When a tragedy strikes, or someone snaps and commits an act of inarguable evil like last week’s shootings at Virginia Tech, why is the first question we ask—why someone could do such a thing, why these people were affected and not those, why such a thing could happen in our midst.

It’s a good question to ask, though many times it lacks a clear answer. In this case, though, the answer is clear: someone’s mind malfunctioned, and he was able to get to some guns faster than the mental health system could adequately get to him.

Vonnegut knew a thing or two about mental illness. He credited his mother’s suicide to “some bad chemicals in her brain” that made her eat Drano and die. His son Mark had some bad chemicals in his brain, too—but instead of eating Drano, he wrote a best-seller about dealing with depression. Vonnegut also wrestled with depression, and attempted suicide himself.

In another of his bestsellers, “Breakfast of Champions,” Midwestern Pontiac dealer Dwayne Hoover also has that bad-chemicals-in-the-brain problem. He goes on a rampage, during which he injures several people, including biting off part of a finger of a visiting science fiction writer named Kilgore Trout.

“Good thing for me he didn’t have any guns,” Trout might have said.

But sometimes it’s not just bad chemicals. Sometimes it’s bad ideas. Dwayne Hoover’s rampage, for example, is triggered by some ideas in one of Trout’s books. And sometimes it’s neither bad chemicals nor bad ideas—sometimes it’s just a bad situation.

Researchers at Stanford University, led by psychologist Philip Zimbardo, did a famous experiment a generation ago. They took some perfectly normal people, people with nary a bad chemical in their entire skulls, and put them into a ready-made bad situation, to see what would happen. They made some of the perfectly normal people into pretend prison guards for a few days. Other perfectly normal people got to be the pretend prisoners.

Guess what? In almost no time at all the “guards,” who had been given complete control over the “prisoners,” started to mistreat them so badly that the experiment was halted several days ahead of schedule. Zimbardo has a new book out about that experiment and its implications. The book is called “The Lucifer Effect: Understanding How Good People Turn Evil.” (The book has a website, lucifereffect.com )

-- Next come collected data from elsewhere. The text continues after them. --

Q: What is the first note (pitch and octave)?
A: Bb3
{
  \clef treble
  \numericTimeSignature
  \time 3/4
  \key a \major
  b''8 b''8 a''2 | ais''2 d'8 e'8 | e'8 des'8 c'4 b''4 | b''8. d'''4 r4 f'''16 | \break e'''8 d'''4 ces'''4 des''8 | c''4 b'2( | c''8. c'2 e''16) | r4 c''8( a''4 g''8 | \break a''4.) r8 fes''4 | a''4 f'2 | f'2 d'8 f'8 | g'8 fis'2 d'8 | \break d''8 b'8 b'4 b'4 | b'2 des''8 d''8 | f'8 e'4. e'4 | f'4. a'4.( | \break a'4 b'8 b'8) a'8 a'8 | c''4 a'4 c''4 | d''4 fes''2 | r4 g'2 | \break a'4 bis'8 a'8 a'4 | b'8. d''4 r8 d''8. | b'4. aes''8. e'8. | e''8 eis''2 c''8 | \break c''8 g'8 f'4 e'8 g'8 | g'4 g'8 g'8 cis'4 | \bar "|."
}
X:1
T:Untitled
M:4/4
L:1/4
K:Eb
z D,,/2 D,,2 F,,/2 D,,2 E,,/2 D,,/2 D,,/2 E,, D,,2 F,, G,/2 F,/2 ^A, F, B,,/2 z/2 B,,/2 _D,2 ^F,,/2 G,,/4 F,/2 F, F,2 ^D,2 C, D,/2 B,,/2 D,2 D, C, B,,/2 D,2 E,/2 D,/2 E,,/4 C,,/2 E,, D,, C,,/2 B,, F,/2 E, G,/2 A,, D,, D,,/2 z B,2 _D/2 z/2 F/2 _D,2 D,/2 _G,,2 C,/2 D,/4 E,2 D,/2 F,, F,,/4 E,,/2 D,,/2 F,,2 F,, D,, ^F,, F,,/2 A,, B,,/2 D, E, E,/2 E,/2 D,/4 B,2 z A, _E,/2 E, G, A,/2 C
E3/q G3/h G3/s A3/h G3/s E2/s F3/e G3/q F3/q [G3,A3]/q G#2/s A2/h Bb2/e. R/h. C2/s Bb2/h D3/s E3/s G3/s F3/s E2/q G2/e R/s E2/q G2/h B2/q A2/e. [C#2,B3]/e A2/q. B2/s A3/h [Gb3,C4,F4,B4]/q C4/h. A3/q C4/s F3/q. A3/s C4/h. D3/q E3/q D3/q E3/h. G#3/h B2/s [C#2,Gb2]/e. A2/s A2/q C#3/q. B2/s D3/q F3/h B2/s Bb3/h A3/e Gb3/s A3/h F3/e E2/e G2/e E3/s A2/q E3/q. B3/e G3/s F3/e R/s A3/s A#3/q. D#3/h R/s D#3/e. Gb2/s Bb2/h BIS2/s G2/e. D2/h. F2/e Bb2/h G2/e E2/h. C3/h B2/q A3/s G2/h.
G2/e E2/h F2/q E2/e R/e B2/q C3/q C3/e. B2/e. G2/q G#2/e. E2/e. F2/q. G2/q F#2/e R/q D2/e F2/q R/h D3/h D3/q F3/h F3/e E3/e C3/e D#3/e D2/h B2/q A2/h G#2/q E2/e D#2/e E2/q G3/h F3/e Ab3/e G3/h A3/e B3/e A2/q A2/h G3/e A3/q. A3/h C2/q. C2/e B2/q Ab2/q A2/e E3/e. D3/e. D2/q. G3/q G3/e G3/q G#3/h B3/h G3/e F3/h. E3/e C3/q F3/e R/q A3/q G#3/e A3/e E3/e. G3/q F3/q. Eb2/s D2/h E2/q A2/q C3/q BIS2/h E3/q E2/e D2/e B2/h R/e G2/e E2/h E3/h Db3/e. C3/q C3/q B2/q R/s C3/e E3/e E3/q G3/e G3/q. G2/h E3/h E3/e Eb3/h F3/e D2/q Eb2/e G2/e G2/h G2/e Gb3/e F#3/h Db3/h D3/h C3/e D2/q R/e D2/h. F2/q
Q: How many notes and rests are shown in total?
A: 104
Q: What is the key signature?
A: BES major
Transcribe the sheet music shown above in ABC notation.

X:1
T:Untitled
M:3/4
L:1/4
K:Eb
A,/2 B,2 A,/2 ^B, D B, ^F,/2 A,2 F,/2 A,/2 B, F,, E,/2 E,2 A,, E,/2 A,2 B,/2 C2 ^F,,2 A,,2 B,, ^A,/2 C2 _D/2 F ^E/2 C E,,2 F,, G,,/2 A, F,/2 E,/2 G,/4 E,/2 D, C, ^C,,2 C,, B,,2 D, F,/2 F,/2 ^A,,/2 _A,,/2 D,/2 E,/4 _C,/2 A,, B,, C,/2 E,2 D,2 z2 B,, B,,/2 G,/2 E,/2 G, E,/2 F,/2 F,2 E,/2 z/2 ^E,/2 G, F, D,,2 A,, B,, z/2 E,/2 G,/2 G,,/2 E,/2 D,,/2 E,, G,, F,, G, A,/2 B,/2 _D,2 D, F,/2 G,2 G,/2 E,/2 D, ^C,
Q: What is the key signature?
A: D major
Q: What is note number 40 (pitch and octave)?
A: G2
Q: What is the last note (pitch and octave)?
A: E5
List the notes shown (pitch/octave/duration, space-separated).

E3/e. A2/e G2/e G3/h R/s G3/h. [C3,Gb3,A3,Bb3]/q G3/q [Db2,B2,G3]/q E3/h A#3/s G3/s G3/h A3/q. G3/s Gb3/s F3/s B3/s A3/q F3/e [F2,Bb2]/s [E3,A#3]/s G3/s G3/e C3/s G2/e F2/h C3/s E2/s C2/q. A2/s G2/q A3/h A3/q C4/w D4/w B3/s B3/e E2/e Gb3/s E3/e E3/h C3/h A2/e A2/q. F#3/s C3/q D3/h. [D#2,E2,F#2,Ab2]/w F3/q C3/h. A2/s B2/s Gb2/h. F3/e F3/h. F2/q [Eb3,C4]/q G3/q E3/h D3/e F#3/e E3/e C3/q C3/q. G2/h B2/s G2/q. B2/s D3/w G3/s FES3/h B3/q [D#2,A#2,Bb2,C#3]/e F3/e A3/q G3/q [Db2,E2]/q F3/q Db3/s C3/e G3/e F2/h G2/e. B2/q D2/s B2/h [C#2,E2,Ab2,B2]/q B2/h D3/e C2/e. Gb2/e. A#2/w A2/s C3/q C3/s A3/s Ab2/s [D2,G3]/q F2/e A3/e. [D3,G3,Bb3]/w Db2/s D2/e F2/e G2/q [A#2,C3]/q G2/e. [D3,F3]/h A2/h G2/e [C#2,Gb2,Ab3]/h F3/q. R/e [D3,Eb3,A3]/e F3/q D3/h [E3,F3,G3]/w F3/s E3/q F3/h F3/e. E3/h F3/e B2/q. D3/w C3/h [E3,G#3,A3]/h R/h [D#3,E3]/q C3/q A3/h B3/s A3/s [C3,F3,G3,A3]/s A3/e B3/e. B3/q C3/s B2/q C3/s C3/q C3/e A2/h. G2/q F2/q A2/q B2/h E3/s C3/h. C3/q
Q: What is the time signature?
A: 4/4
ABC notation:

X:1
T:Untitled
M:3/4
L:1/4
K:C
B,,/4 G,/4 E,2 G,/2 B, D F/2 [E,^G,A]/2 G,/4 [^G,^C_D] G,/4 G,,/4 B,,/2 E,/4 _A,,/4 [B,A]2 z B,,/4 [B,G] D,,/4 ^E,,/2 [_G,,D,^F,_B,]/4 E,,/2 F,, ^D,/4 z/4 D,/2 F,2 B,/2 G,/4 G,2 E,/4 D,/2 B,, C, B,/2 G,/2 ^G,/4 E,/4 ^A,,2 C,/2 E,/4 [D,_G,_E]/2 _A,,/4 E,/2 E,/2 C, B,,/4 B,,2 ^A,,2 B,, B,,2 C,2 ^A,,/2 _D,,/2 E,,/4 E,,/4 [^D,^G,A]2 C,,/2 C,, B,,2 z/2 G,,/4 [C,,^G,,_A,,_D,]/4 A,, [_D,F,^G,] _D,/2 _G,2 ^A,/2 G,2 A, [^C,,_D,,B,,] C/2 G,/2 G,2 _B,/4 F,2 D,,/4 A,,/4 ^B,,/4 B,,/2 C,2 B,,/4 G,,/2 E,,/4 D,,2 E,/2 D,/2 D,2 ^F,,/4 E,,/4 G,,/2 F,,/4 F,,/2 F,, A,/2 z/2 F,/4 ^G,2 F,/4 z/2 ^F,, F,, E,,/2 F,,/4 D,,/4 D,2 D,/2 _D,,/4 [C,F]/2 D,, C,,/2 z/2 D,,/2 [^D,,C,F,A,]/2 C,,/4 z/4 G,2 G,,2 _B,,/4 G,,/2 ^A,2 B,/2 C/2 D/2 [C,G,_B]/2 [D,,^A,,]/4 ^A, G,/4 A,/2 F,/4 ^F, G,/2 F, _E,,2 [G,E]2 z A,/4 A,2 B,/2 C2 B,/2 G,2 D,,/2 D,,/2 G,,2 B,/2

Based on his experience with the prison guard experiment, Zimbardo suggests that the Abu Ghraib scandal was no surprise at all. Put some youngsters into a basement dungeon without supervision and with tacit permission to dehumanize their charges, and there you are: instant monsters.

And lest anyone start feeling morally smug or superior about it, Zimbardo’s point is this: the same thing could happen to just about anyone.

If the Virginia Tech rampage had happened before the book had come out, he’d probably have said something similar about that, too. No surprise at all. “Vy you? Vy anybody?”

The good news is this kind of thing is still relatively rare. The bad news is that there are more bad chemicals, and more bad ideas, and more bad situations being cooked up out there all the time. But finally, the good news is that we do know how to see some of these things coming, and we do know a lot about how to fix some of them. So like Vonnegut in Dresden, we can come out of the bunker, out from under the slaughterhouse, and start cleaning up.